Теперь естественнее всего — по крайней мере, для земного разума — было бы посчитать точки в каждом из рядов и записать получившуюся последовательность:
1, 1, 2, 3, 5, 8, 13, 21, 34.
Очевидно, что существует правило, управляющее количеством точек при переходе с одной линии на следующую. На самом деле, из этого списка мы можем с некоторой степенью уверенностью вывести рекурсивную часть определения чисел Фибоначчи. Предположим, что мы принимаем начальную пару значений (1, 1) за «генотип», из которого при помощи рекурсивного правила производим «фенотип» — весь ряд чисел Фибоначчи. Посылая лишь один генотип — первую версию пластинки — мы опускаем информацию, позволяющую реконструировать фенотип. Таким образом, генотип не содержит полного определения фенотипа. С другой стороны, если мы примем за генотип вторую версию пластинки, у нас будет гораздо больше шансов на то, что фенотип будет восстановлен. Эта новая версия генотипа — «длинный генотип» — содержит столько информации, что механизм, производящий фенотип из генотипа может быть выведен разумными существами из самого генотипа.

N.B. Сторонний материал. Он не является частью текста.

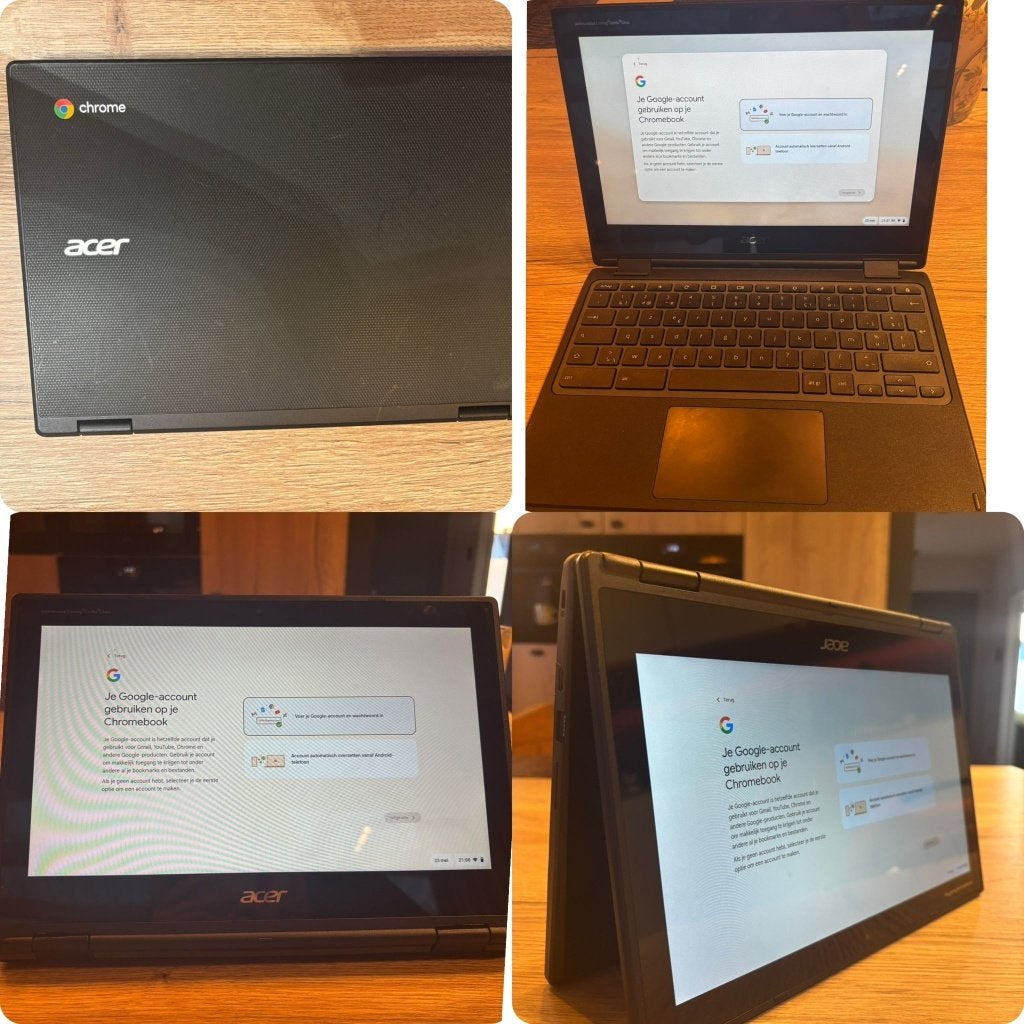 Laptop Chromebook Acer met toucscreen, Ophalen, Touchscreen, 32 GB of minder, Azerty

Как только этот механизм для производства фенотипа из генотипа твердо установлен, мы можем вернуться к использованию «краткого генотипа» — первой версии пластинки. Например, краткий генотип (1, 3) произвел бы фенотип
1, 3, 4, 7, 11, 18, 29, 47, …
— последовательность Лукаса. Для любого набора двух начальных значений — то есть, для любого краткого генотипа — существует соответствующий фенотип. Однако краткие генотипы, в отличие от длинных, действуют только как пусковые механизмы — кнопки на музыкальном автомате, в который встроено рекурсивное правило. Длинные генотипы содержат достаточное количество информации, чтобы разумное существо могло бы определить, какой именно «музыкальный автомат» надо сконструировать. В этом смысле, длинные генотипы содержат информацию о фенотипе, в то время как краткие — нет. Иными словами, длинные генотипы передают не только внутреннее сообщение, но и то внешнее сообщение, которое позволяет нам это внутреннее сообщение понять. Кажется, что ясность внешнего сообщения здесь зависит лишь от его длины. Это вовсе не является неожиданностью: то же самое верно и в случае дешифровки старинных текстов. Очевидно, что возможность успеха находится в прямой зависимости от количества имеющегося текста.

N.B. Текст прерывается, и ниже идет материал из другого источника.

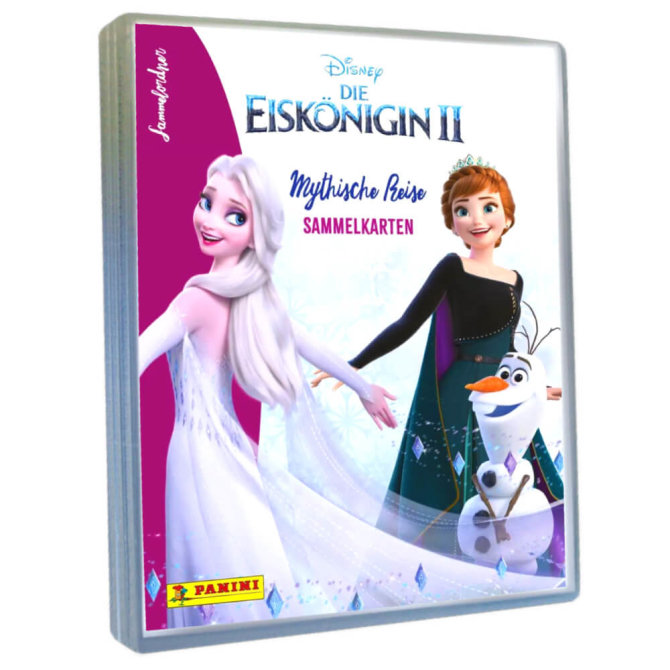 Disney Die Eiskönigin 2 - Karten Trading Cards - Mythische Reise (2023) - 1 Sammelmappe Sammelkarten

Однако одного длинного текста может оказаться недостаточно. Давайте снова обратимся к разнице между посылкой в космос пластинки с музыкой Баха и пластинки с музыкой Кэйджа. Посмотрим, какое значение имеет для нас музыка Кэйджа. Его произведения должны рассматриваться в широком культурном контексте — как протест против определенных традиций. Таким образом, если мы хотим передать это значение, мы должны посылать не только ноты данной пьесы, но и всю историю западной культуры. Справедливо будет заключить, что, взятая сама по себе, музыка Кэйджа не имеет внутреннего значения. Для слушателя, который достаточно искушен в западной и восточной культурах и, в особенности, в тенденциях западной музыки за последние десятилетия, она имеет смысл — но такой слушатель будет подобен музыкальному автомату, а пьеса Кэйджа — паре кнопок на нем. Смысл прежде всего находится в голове у слушателя, и музыка служит лишь пусковым механизмом. И этот «музыкальный автомат», в отличие от чистого разума, вовсе не универсален; он связан с земной культурой и зависит от серии событий, происходивших на земном шаре в течение долгого времени. Надеяться на то, что музыка Кэйджа была бы понята инопланетянами, все равно что ожидать, что любимый вами мотивчик зазвучал бы из лунного музыкального автомата при нажатии тех же кнопок, что и на музыкальном автомате в кафе вашего родного городка.